▶ **Material for this exercise**:
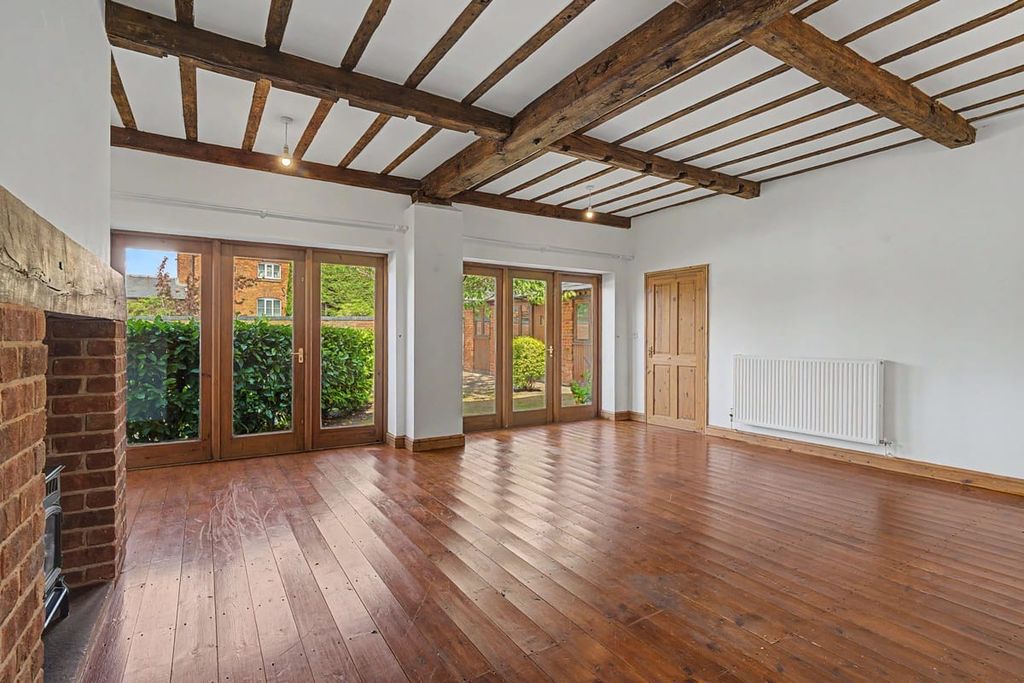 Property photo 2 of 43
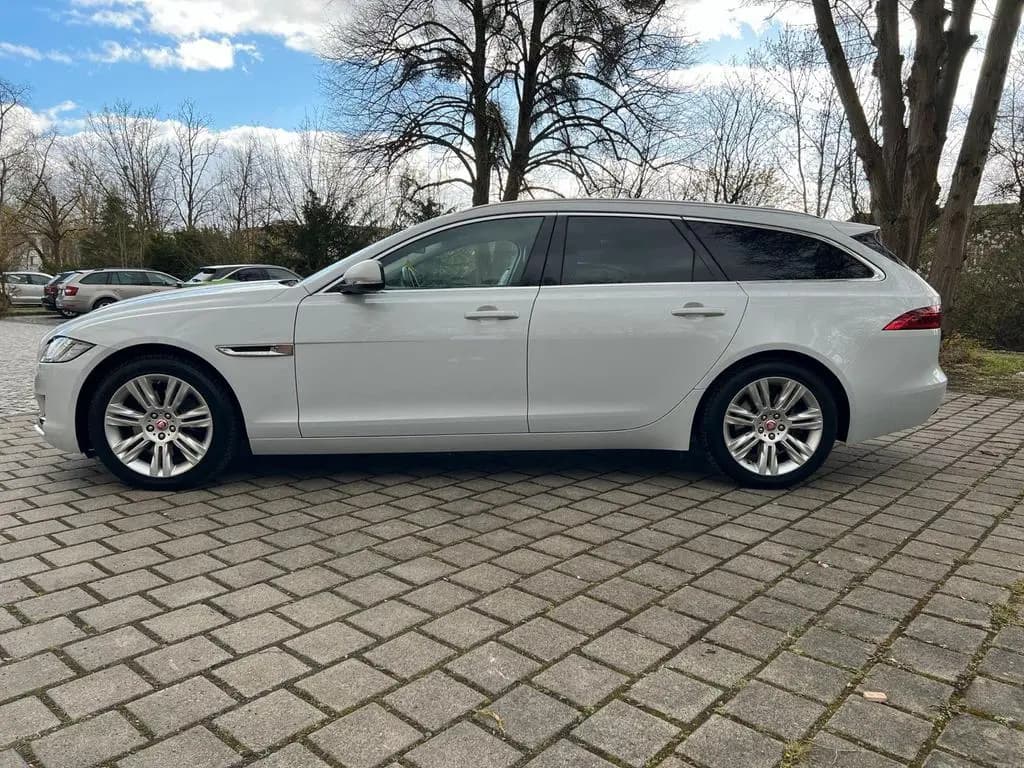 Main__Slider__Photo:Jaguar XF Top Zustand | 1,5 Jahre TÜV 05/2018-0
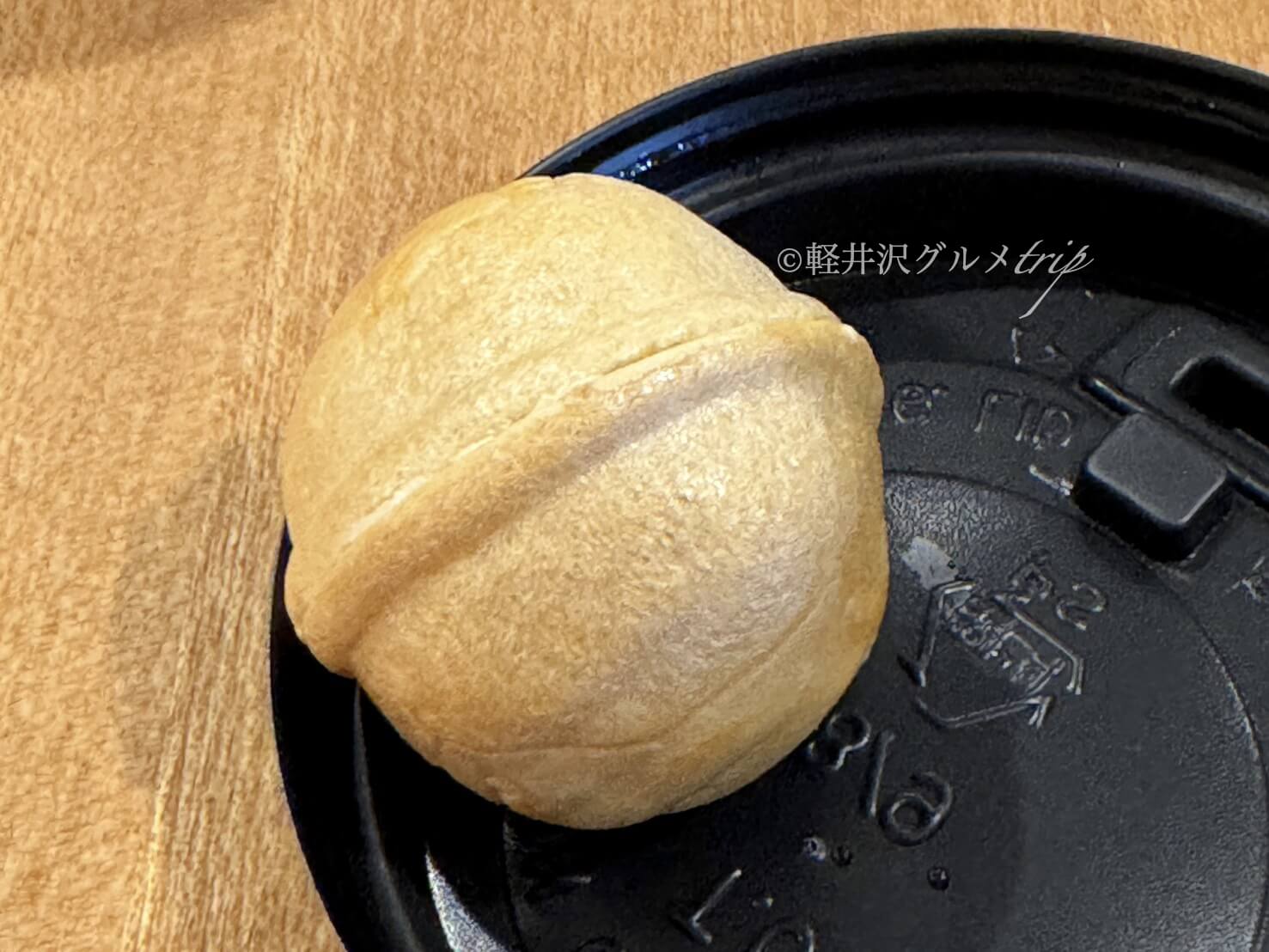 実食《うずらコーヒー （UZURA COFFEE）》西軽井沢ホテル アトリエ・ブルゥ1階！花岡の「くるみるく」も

---

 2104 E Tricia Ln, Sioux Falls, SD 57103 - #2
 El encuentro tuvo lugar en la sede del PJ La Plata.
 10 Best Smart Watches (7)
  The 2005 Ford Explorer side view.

...

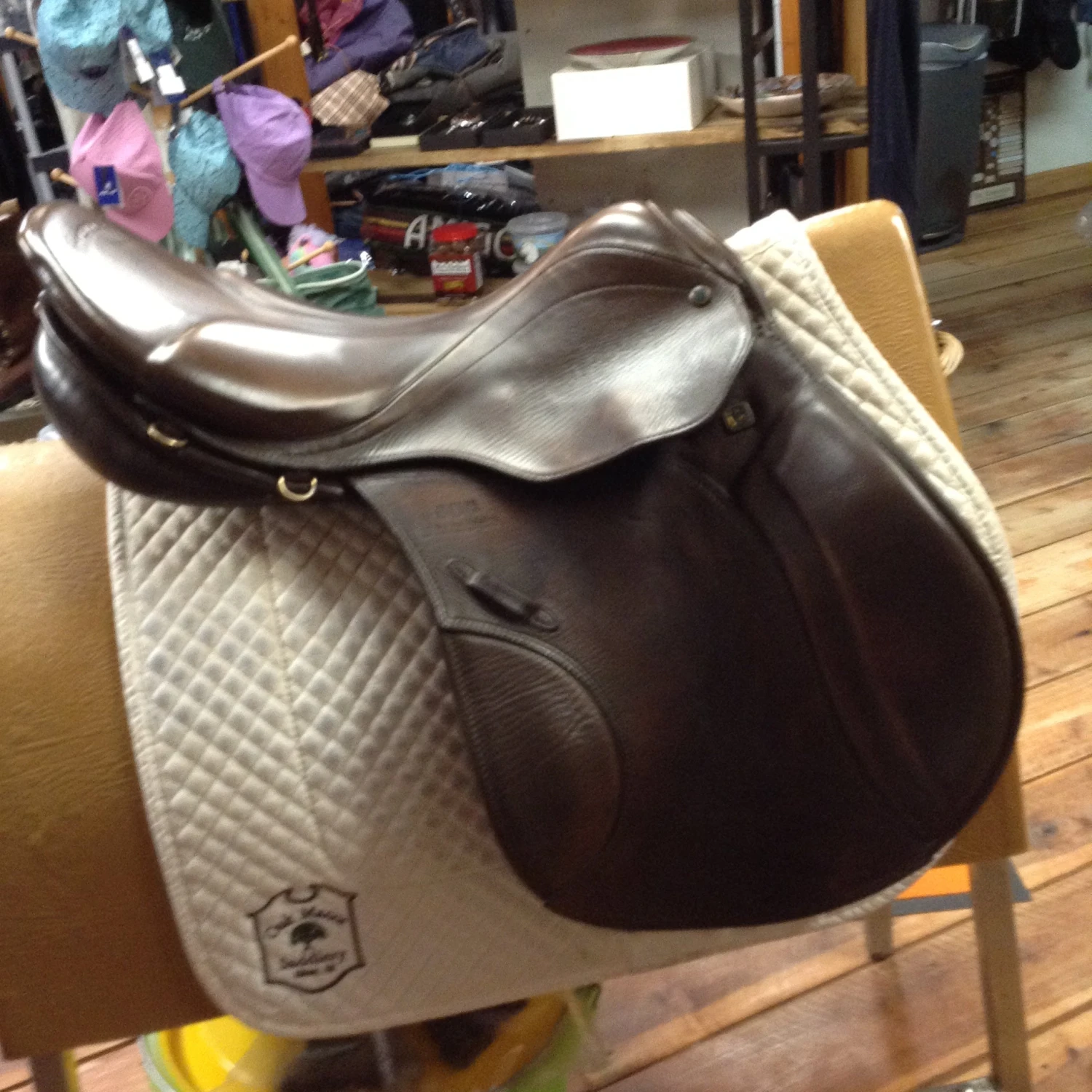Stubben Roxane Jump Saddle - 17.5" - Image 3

▶ **Task item**:
Everything above from the line with "Main__Slider__Photo:Jaguar XF Top" through the line with "実食《うずらコーヒー （UZURA COFFEE）》西軽井沢ホテル" should be retyped exactly, and nothing else; omit pictures.

▶ **Response below**:
 Main__Slider__Photo:Jaguar XF Top Zustand | 1,5 Jahre TÜV 05/2018-0
 実食《うずらコーヒー （UZURA COFFEE）》西軽井沢ホテル アトリエ・ブルゥ1階！花岡の「くるみるく」も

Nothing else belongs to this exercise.